▶ [Work instructions] Here is a listing; restate all of it exactly.

▶ [Data for this exercise]

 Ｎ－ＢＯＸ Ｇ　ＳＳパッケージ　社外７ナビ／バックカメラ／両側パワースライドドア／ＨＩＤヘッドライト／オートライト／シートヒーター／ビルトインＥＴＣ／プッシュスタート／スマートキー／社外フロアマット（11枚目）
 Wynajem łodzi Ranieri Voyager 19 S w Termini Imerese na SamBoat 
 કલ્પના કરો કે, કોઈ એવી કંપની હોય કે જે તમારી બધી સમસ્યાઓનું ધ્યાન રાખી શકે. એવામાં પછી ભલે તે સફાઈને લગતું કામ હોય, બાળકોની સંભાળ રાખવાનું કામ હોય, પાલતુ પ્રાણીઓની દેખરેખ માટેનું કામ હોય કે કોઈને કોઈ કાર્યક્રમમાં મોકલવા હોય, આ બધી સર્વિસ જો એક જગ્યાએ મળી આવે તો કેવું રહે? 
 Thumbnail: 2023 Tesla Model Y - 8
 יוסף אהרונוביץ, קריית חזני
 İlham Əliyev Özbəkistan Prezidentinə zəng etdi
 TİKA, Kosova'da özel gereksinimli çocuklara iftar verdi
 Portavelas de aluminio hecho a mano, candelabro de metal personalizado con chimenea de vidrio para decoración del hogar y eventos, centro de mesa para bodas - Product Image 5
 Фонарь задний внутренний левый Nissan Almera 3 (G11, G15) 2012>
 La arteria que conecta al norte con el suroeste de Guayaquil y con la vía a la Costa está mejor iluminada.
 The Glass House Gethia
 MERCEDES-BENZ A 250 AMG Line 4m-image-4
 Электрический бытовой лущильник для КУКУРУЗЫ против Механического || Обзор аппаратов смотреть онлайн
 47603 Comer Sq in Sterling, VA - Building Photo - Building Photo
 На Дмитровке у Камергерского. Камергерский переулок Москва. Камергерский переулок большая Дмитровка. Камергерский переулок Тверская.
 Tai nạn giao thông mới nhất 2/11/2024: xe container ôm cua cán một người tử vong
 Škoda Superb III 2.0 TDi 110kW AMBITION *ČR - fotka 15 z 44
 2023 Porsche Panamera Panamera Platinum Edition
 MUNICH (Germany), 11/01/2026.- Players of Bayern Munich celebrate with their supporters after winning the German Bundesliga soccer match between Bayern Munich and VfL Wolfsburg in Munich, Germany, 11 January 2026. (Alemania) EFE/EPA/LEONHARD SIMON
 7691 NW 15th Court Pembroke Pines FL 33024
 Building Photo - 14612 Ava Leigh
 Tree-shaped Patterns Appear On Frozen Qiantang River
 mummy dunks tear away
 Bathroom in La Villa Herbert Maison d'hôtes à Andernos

▶ [Exercise solution]
 Ｎ－ＢＯＸ Ｇ　ＳＳパッケージ　社外７ナビ／バックカメラ／両側パワースライドドア／ＨＩＤヘッドライト／オートライト／シートヒーター／ビルトインＥＴＣ／プッシュスタート／スマートキー／社外フロアマット（11枚目）
 Wynajem łodzi Ranieri Voyager 19 S w Termini Imerese na SamBoat 
 કલ્પના કરો કે, કોઈ એવી કંપની હોય કે જે તમારી બધી સમસ્યાઓનું ધ્યાન રાખી શકે. એવામાં પછી ભલે તે સફાઈને લગતું કામ હોય, બાળકોની સંભાળ રાખવાનું કામ હોય, પાલતુ પ્રાણીઓની દેખરેખ માટેનું કામ હોય કે કોઈને કોઈ કાર્યક્રમમાં મોકલવા હોય, આ બધી સર્વિસ જો એક જગ્યાએ મળી આવે તો કેવું રહે? 
 Thumbnail: 2023 Tesla Model Y - 8
 יוסף אהרונוביץ, קריית חזני
 İlham Əliyev Özbəkistan Prezidentinə zəng etdi
 TİKA, Kosova'da özel gereksinimli çocuklara iftar verdi
 Portavelas de aluminio hecho a mano, candelabro de metal personalizado con chimenea de vidrio para decoración del hogar y eventos, centro de mesa para bodas - Product Image 5
 Фонарь задний внутренний левый Nissan Almera 3 (G11, G15) 2012>
 La arteria que conecta al norte con el suroeste de Guayaquil y con la vía a la Costa está mejor iluminada.
 The Glass House Gethia
 MERCEDES-BENZ A 250 AMG Line 4m-image-4
 Электрический бытовой лущильник для КУКУРУЗЫ против Механического || Обзор аппаратов смотреть онлайн
 47603 Comer Sq in Sterling, VA - Building Photo - Building Photo
 На Дмитровке у Камергерского. Камергерский переулок Москва. Камергерский переулок большая Дмитровка. Камергерский переулок Тверская.
 Tai nạn giao thông mới nhất 2/11/2024: xe container ôm cua cán một người tử vong
 Škoda Superb III 2.0 TDi 110kW AMBITION *ČR - fotka 15 z 44
 2023 Porsche Panamera Panamera Platinum Edition
 MUNICH (Germany), 11/01/2026.- Players of Bayern Munich celebrate with their supporters after winning the German Bundesliga soccer match between Bayern Munich and VfL Wolfsburg in Munich, Germany, 11 January 2026. (Alemania) EFE/EPA/LEONHARD SIMON
 7691 NW 15th Court Pembroke Pines FL 33024
 Building Photo - 14612 Ava Leigh
 Tree-shaped Patterns Appear On Frozen Qiantang River
 mummy dunks tear away
 Bathroom in La Villa Herbert Maison d'hôtes à Andernos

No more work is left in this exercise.